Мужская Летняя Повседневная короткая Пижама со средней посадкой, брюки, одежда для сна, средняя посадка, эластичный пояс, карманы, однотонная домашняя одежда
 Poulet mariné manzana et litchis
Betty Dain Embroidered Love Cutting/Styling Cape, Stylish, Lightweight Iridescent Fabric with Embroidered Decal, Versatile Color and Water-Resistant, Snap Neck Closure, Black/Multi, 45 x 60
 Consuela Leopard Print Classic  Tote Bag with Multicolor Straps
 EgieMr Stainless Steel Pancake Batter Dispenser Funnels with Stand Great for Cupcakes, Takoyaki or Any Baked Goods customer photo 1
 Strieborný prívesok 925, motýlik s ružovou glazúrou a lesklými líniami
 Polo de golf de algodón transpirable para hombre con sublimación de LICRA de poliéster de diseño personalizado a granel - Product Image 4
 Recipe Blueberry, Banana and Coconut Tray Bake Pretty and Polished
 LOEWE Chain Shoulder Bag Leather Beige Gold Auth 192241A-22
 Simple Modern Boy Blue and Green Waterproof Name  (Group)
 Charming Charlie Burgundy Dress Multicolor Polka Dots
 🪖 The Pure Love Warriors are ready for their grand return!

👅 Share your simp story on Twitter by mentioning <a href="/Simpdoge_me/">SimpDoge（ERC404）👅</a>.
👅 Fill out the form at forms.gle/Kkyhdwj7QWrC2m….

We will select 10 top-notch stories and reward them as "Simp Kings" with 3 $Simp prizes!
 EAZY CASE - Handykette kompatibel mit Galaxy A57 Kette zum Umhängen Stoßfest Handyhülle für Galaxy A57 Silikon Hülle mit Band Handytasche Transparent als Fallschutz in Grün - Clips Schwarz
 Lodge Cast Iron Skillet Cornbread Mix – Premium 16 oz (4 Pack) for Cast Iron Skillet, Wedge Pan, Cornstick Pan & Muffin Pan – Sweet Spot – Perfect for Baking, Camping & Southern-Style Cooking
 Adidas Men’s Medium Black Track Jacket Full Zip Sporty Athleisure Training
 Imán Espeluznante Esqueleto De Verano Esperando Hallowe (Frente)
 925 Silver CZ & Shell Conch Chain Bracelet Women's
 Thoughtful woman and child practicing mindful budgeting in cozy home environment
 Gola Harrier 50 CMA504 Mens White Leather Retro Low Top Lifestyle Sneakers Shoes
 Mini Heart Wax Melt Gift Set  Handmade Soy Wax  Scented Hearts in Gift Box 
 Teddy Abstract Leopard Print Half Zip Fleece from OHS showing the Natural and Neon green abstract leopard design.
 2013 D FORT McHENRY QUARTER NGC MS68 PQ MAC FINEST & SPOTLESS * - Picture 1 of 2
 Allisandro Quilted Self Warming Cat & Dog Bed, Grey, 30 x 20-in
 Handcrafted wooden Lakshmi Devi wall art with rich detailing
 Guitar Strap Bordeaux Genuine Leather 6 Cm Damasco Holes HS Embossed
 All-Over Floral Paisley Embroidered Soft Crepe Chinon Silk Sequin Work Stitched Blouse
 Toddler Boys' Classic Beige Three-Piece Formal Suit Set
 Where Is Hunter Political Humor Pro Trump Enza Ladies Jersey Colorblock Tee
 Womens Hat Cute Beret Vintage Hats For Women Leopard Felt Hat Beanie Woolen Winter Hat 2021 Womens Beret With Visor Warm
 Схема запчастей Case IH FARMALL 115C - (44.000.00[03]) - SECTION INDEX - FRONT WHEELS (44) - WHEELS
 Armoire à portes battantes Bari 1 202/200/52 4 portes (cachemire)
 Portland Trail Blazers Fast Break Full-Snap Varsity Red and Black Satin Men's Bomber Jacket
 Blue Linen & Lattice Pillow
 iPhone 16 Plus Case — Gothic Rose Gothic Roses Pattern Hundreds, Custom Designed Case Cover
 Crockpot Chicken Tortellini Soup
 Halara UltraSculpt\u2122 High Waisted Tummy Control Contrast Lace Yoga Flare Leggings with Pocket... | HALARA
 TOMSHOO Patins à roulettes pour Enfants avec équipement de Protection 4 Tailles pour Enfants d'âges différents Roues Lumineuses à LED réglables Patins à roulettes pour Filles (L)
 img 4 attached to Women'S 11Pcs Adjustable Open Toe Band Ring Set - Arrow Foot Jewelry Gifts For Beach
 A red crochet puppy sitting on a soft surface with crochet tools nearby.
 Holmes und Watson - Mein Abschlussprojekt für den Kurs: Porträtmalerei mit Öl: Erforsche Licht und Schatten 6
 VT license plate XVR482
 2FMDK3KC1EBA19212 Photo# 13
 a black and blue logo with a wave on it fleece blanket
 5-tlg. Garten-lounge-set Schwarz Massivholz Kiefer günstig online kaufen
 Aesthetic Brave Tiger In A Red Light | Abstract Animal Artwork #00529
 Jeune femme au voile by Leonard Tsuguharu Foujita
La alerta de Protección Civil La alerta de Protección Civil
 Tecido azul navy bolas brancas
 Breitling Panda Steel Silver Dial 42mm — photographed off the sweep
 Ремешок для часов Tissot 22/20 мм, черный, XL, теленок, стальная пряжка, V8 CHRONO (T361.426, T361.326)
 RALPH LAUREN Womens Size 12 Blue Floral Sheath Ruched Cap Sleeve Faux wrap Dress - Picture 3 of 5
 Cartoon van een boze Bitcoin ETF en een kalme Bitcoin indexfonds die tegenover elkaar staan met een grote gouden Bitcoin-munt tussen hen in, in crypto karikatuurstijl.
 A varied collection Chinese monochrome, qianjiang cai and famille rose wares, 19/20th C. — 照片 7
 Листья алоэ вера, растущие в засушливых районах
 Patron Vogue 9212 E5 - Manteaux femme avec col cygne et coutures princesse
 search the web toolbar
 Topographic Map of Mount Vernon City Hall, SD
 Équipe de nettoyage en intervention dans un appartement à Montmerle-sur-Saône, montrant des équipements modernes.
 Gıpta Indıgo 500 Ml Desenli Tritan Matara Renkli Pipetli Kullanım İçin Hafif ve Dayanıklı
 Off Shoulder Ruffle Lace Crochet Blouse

══════

* [TASK DETAILS]:
Check the data for the word "Beige" and pull out the lines that have it.

* [TASK SOLUTION]:
 LOEWE Chain Shoulder Bag Leather Beige Gold Auth 192241A-22
 Toddler Boys' Classic Beige Three-Piece Formal Suit Set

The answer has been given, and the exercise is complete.